4. Concentrations of Credit Risk
Jupiter is subject to the credit risk of EQT, as substantially all of Jupiters accounts receivable are due from EQT and its subsidiaries. At December 31, 2013, 2012 and 2011, there was no allowance for doubtful accounts as substantially all of the accounts receivable balances at those dates were expected to be realized.
5. Commitments and Contingencies
Jupiter is subject to various federal, state and local environmental and environmentally related laws and regulations. These laws and regulations, which are constantly changing, can require expenditures for remediation and may in certain instances result in assessment of fines. Jupiter has established procedures for ongoing evaluation of its operations to identify potential environmental exposures and assure compliance with regulatory policies and procedures.
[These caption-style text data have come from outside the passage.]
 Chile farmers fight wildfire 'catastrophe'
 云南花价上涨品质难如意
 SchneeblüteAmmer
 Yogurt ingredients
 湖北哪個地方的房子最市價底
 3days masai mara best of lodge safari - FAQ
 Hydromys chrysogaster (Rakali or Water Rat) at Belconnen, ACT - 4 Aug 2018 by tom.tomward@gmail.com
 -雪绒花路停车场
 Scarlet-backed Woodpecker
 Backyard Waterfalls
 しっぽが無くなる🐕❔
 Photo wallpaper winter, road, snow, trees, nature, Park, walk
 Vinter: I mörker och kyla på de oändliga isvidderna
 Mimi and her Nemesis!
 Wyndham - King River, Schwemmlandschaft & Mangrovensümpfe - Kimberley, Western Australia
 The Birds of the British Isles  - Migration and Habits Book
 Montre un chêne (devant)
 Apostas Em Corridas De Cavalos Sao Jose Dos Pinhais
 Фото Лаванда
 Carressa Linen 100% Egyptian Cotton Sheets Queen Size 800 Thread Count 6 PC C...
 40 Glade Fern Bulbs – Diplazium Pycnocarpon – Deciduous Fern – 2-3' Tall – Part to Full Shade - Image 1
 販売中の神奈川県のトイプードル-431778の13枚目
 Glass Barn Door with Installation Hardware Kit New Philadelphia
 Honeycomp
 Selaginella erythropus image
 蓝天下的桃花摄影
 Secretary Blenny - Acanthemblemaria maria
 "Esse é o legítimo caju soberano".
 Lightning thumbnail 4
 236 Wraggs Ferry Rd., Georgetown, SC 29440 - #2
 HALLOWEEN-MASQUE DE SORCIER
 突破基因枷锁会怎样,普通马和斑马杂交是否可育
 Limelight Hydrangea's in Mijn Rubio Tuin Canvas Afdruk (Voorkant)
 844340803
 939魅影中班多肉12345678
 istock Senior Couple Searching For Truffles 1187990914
If applicable, the estimated costs associated with identified situations that require remedial action are accrued. Ongoing expenditures for compliance with environmental law and regulations, including investments in plant and facilities to meet environmental requirements, have not been material. Management believes that any such required expenditures will not be significantly different in either nature or amount in the future and does not know of any environmental liabilities that will have a material effect on its business, financial condition, results of operations or liquidity.
In the ordinary course of business, various legal and regulatory claims and proceedings may be pending or threatened against Jupiter. While the amounts claimed may be substantial, Jupiter is unable to predict with certainty the ultimate outcome of such claims and proceedings. Jupiter accrues legal or other direct costs related to loss contingencies when actually incurred. Jupiter establishes reserves when it believes it is appropriate for pending matters and, after consultation with counsel and giving appropriate consideration to available insurance, Jupiter believes that the ultimate outcome of any matter currently pending against it will not materially affect its business, financial condition, results of operations or liquidity.
6. Subsequent Events
Subsequent events have been evaluated through April 30, 2014, the date the financial statements were available to be issued.
On April 30, 2014, EQM Gathering Opco, LLC (EQM Gathering), a subsidiary of the Partnership, the Partnership, EQT Midstream Services, LLC and EQT Gathering entered into a contribution agreement pursuant to which EQT Gathering agreed to contribute to EQM Gathering the assets constituting the Jupiter Gathering System in exchange for consideration consisting of approximately $1,121 million cash and $59 million of Partnership common and general partner units. The transaction, which is subject to customary closing conditions, is expected to close in May 2014. All of the parties to the Agreement are subsidiaries or affiliates of EQT.